A shortage of investment capital, particularly when coupled with inflation and high interest rates, has a ruinous effect on long-term productivity growth. Firms tend to concentrate almost entirely on short-term quick-payback investments.8 These are typically limited to superficial innovations such as style changes and marketing gimmicks. Long-term investments that produce fundamental productivity gains simply are not good business when interest rates are high and stockholders are demanding large end-of-year return-on-investment figures.

The NMF would provide an ideal mechanism for creating the required additional long-term capital. The broad scope of the NMF, both in its investment activities and in its commitment to the financial security of stockholders comprising the entire population, would tend to give it a long-term perspective. Quick payoff investments would be much less appealing to the NMF than fundamental improvements in basic technology for the long-term benefit to the entire nation.

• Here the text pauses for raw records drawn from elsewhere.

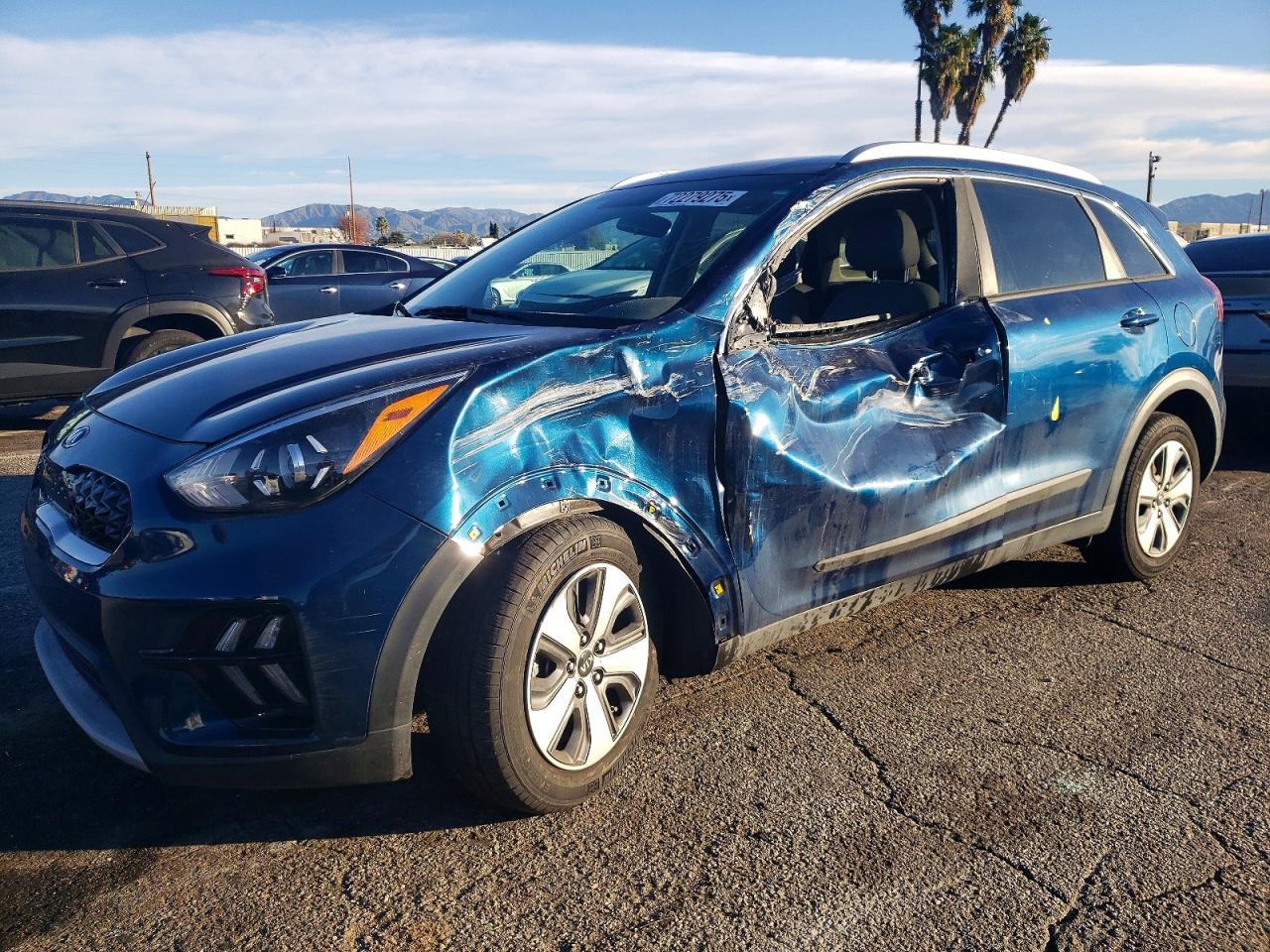 KIA NIRO LX 2021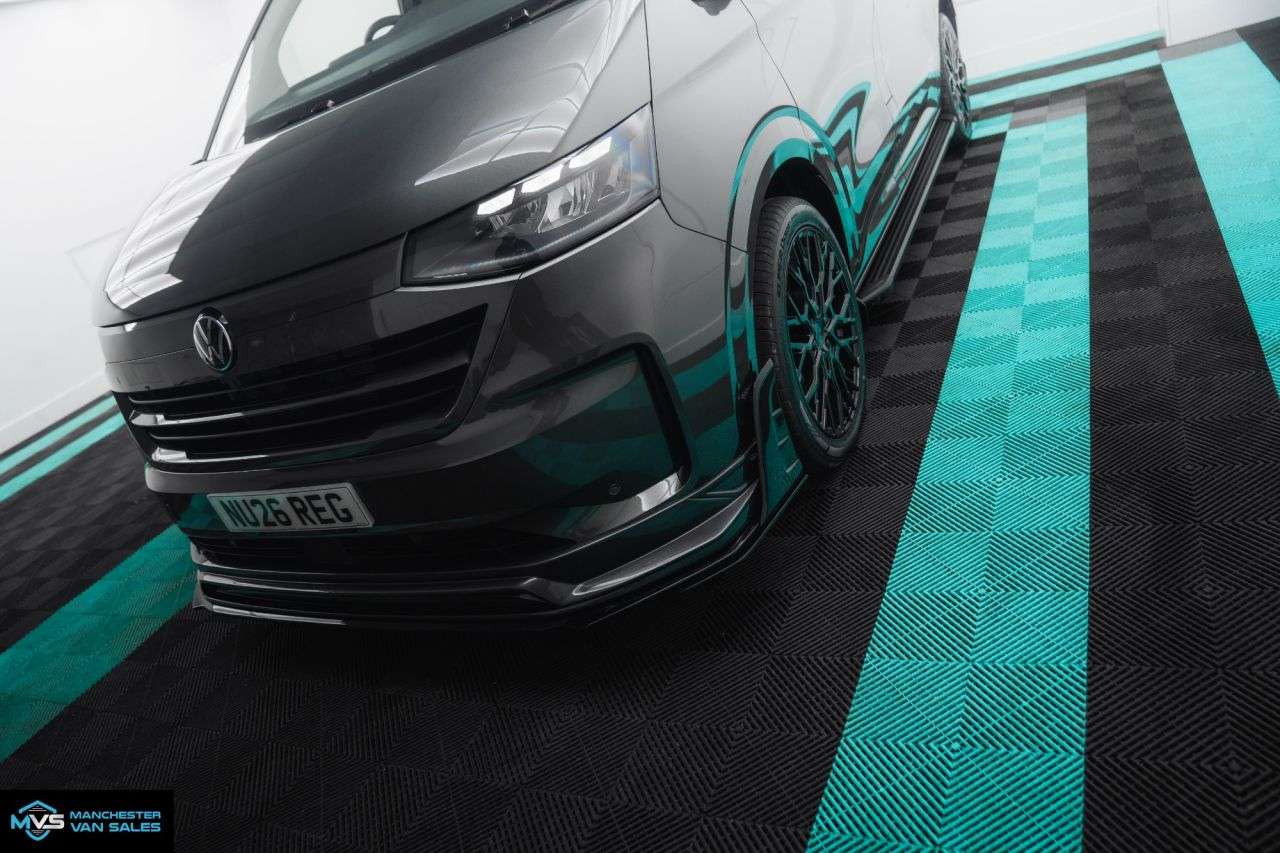 2026 VOLKSWAGEN TRANSPORTER 2026 VOLKSWAGEN TRANSPORTER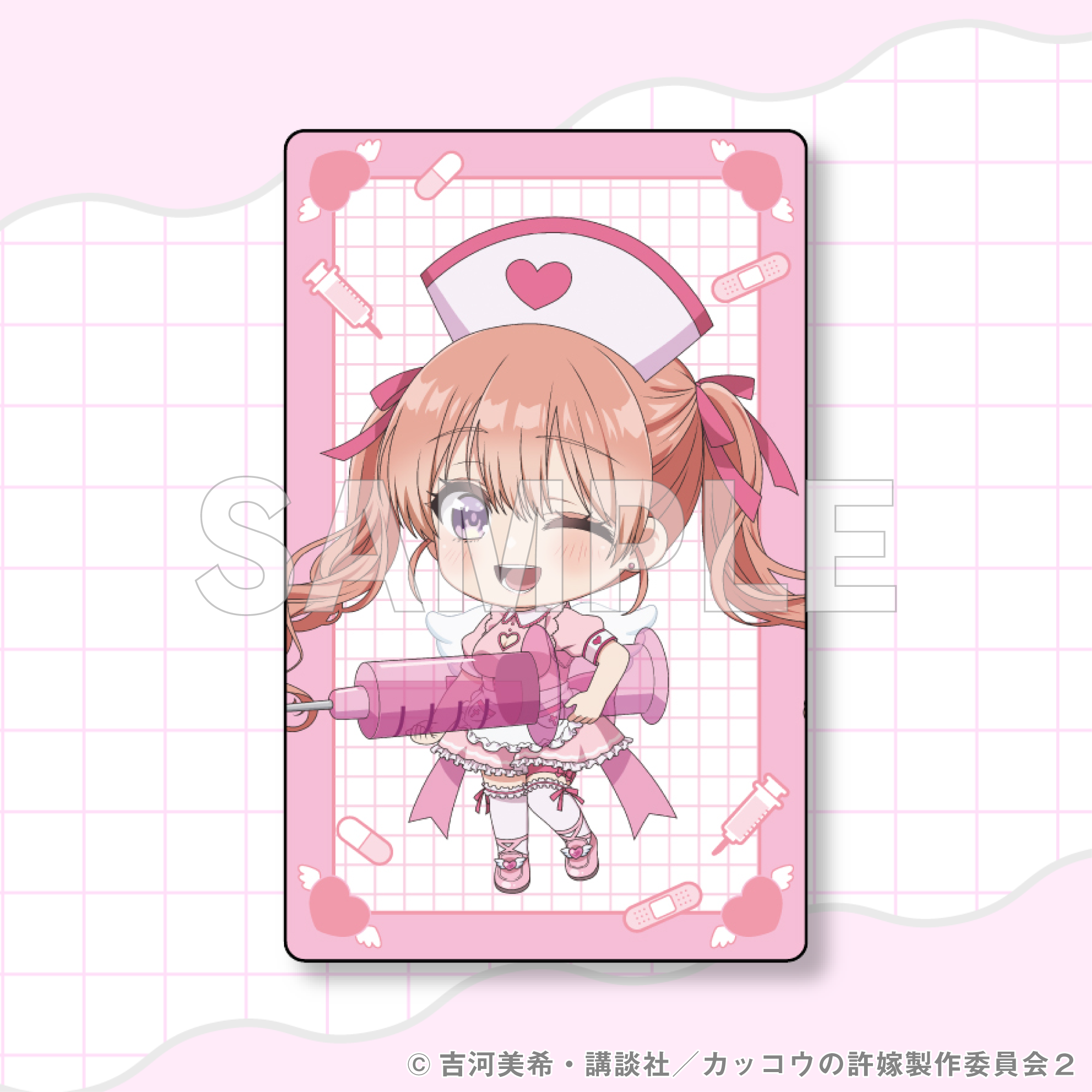 TVアニメ『カッコウの許嫁 Season2』×くじクリフ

An important feature of solving the capital shortage through the NMF is that it would tend to decrease, rather than increase, the existing concentration of economic power in the hands of a tiny minority. Equity financing through the NMF would avoid the immense political difficulties inherent in more traditional methods of raising investment capital, such as cutting corporate income taxes or granting capital gains benefits to big investors at the expense of the average taxpayer.

Of course, the creation of investment capital through NMF borrowing from the Federal Reserve System raises serious problems concerning inflation. A method for increasing savings by a sufficient amount to compensate for this increase in the money supply will be discussed in a later chapter.

NMF Dividends

If the NMF were instituted in 1976, the gross investment rate would double by about 1989. As a result, the rate of growth in productivity, and hence real GNP, would substantially increase. Data from Figure IV-4 suggests that doubling the in-vestment rate would raise productivity growth to approximately 10 percent per year. If this were to occur by 1989, real GNP by the year 2001 would be about 4.9 times its 1976 level, and National Mutual Fund investment would total $10.4 trillion 1975 dollars.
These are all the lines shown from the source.